PLANNING FOR WEALTH & SECURITY
By Jennifer & Jeff Hawkins, Trust & Estate Specialty Board Certified Indiana Trust & Estate Lawyers
Do all families fight about money when their members die? You certainly remember stories of feuding families, but the attorneys’ experiences at Hawkins Law PC over the past two decades have shown that only a small portion of families fight openly. Most families experience grief and inheritance with grace and dignity. The relatively few fighting families could have avoided most of their problems with simple precautions.
Some fights just develop from personality conflicts. Family members may not want to fight, but some in-laws throw kerosene on smoldering relationships because they don’t share family bonds. Many fights begin when a beneficiary’s spouse sticks his or her nose into business where the nose does not belong. Generally speaking, families fare much better when in-laws keep their opinions about their spouses’ families’ business to themselves.
Most fights result from poor communication among people in weak relationships. Folks who don’t trust each other tend not to speak to each other very often. If one of those people becomes a fiduciary, such as Mom’s guardian, executor, or trustee, his silent treatment of the other family members can attract nightmarish trouble. People that want to know what is happening in a guardianship, estate, or trust often assume that the fiduciary is behaving badly if he operates in secrecy. They expect evil among things done in darkness.
Daylight dispels darkness and distrust. The laws governing guardianships, estates, and trusts require fiduciaries to report how they invest and spend assets and income. Smart fiduciaries keep detailed financial records to show with whom they do business; what they do with income, expenses, and assets; and the purpose of each action. Good trust and estate attorneys help fiduciaries prepare detailed reports and keep communication lines open with beneficiaries and other interested people.

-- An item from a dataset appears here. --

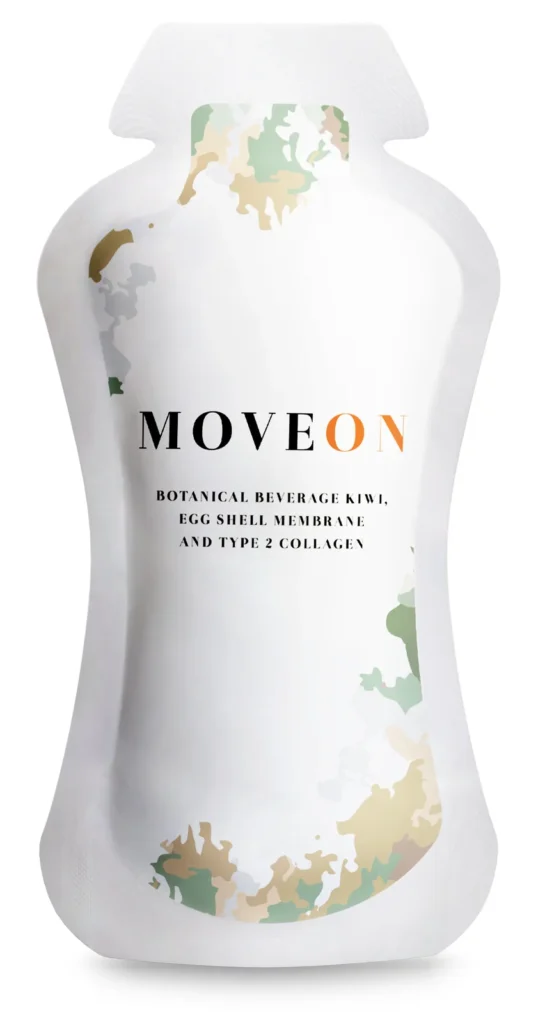 MOVEON 25ml tear-and-drink sachet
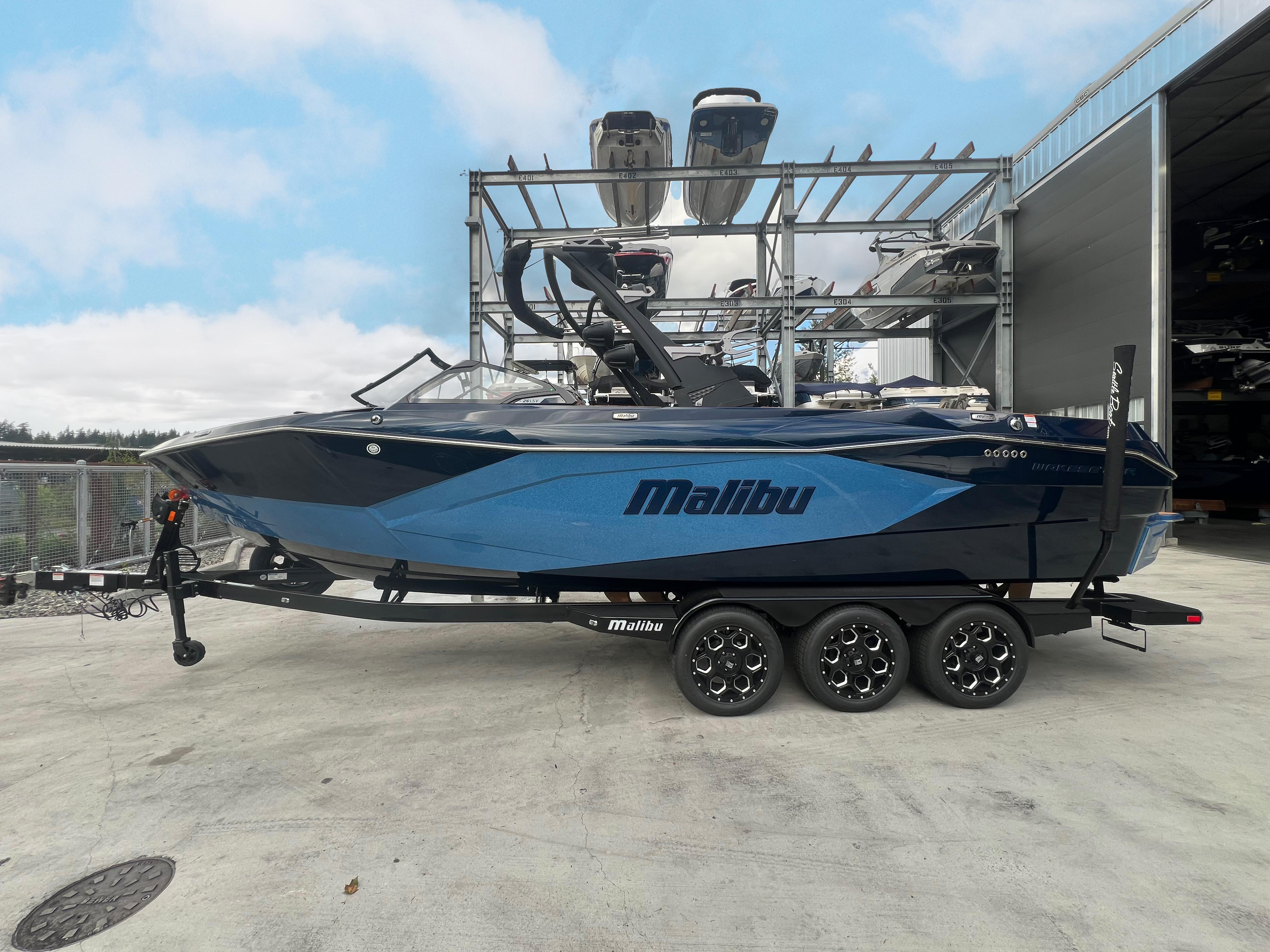 Malibu 26 LSV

Parents, how can you help prevent your descendants from fighting? We’ve given that question much thought over the past couple of decades. The answer lies in what heritage you pass to your children. Families that value material wealth more highly than rich relationships are most vulnerable to conflict. Families that embrace loving relationships much more than money pass on much more treasure than any trust or estate can hold. Parents’ most enriching conversations can be to insist that children cherish each other regardless of pressures their relationships may experience.
A family built on love and mutual respect is a fortress that corrosive greed and selfishness cannot destroy. That family is very wealthy and secure, regardless of its economic fortunes.